La psychanalyse parle de la névrose comme une « faute originelle » qui condamne le névrosé à revivre indéfiniment ses mêmes manques, ses mêmes erreurs, ses mêmes fantasmes.

La téchouva, en cela l’idée est-elle intéressante, implique que l’on peut effacer un certain passé, celui de la faute. Bien entendu nous parlons de la faute en tant que transgression religieuse, c’est-à-dire par rapport à une législation révélée : la Torah. La faute aurait ici un caractère contingent et non définitif. La faute traduit un raté de l’existence. Tel est le sens du mot heth = faute, littéralement « rater la cible ».

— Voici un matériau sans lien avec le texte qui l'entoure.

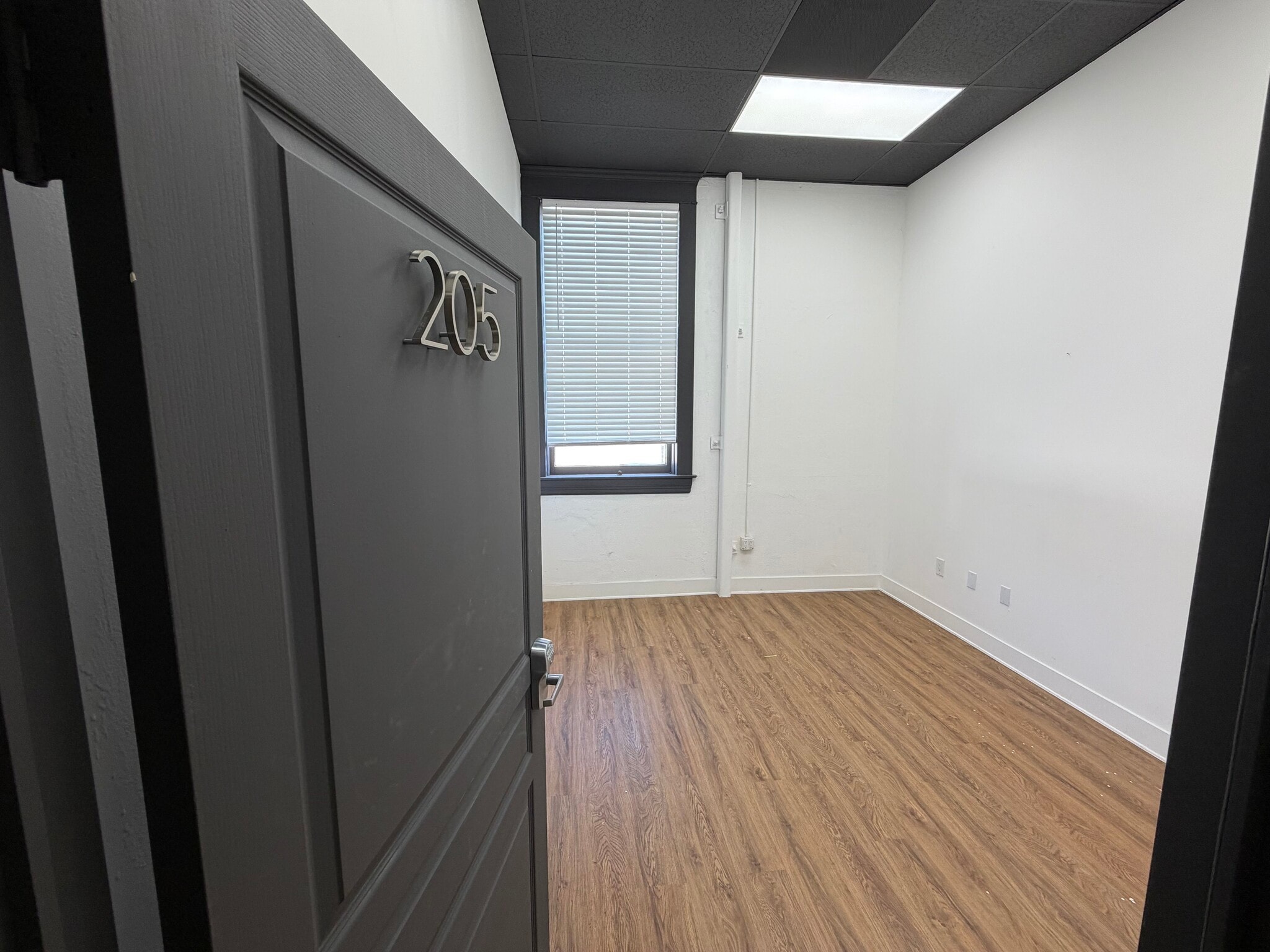 200 E Chapman Ave, Orange, CA à louer Photo intérieure– Image 1 sur 4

La faute n’est pas un péché :

De ce fait, l’idée du péché n’existe pas dans le judaïsme. Le péché induit un état permanent de la faute. Le pécheur est souillé ad vitam æternam. Le péché s’inscrirait dans une fatalité. Au fond, toute conception du péché originel découle d’une vision tragique, grecque, de l’Histoire. Il existerait une désespérance ontologique. L’homme ne peut rien contre ce factum. Iphigénie doit mourir !

Nous sommes aux antipodes du judaïsme qui fonde, au nom du Dieu créateur, un optimisme de l’Etre : l’Etre peut se régénérer, par la puissance d’une volonté positive. Ce fut le discours répété des prophètes : « La réussite dépend de vous, pas de Dieu. ». Herzl prophétisait en disant : « Si vous le voulez ce ne sera pas un rêve ! »

Dans cet esprit, les sages d’Israël enseignent : « Quiconque se repend ressemble à un nouveau-né. » La faute est un raté, qui traduit une immaturité de l’Etre, qui grandit par ses échecs ; à condition : de prendre conscience de l’échec et de vouloir s’améliorer. L‘humilité est ici un moteur d’élévation morale et spirituelle.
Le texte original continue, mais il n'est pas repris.